'''
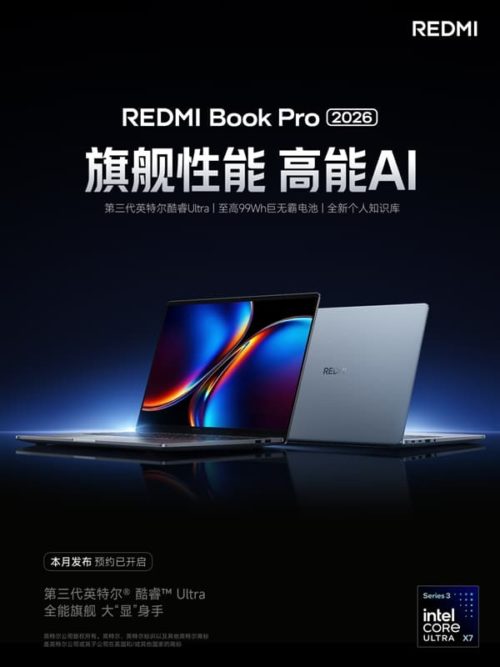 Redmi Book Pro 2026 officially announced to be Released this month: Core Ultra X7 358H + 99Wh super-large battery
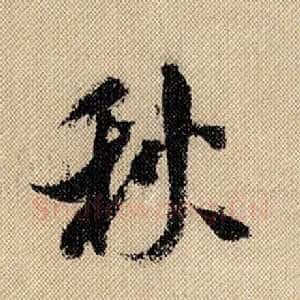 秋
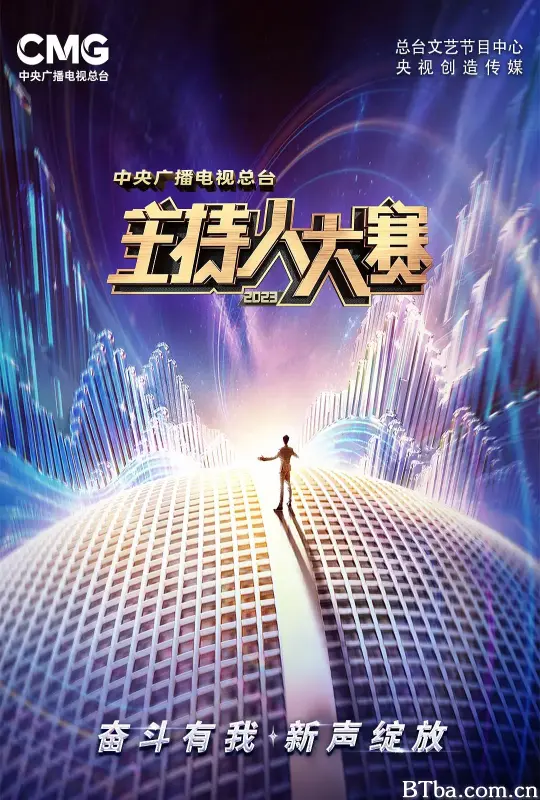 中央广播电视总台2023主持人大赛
'''
Activity> Please write out the whole listing exactly, but not the pictures in it.

Your solution>
 Redmi Book Pro 2026 officially announced to be Released this month: Core Ultra X7 358H + 99Wh super-large battery
 秋
 中央广播电视总台2023主持人大赛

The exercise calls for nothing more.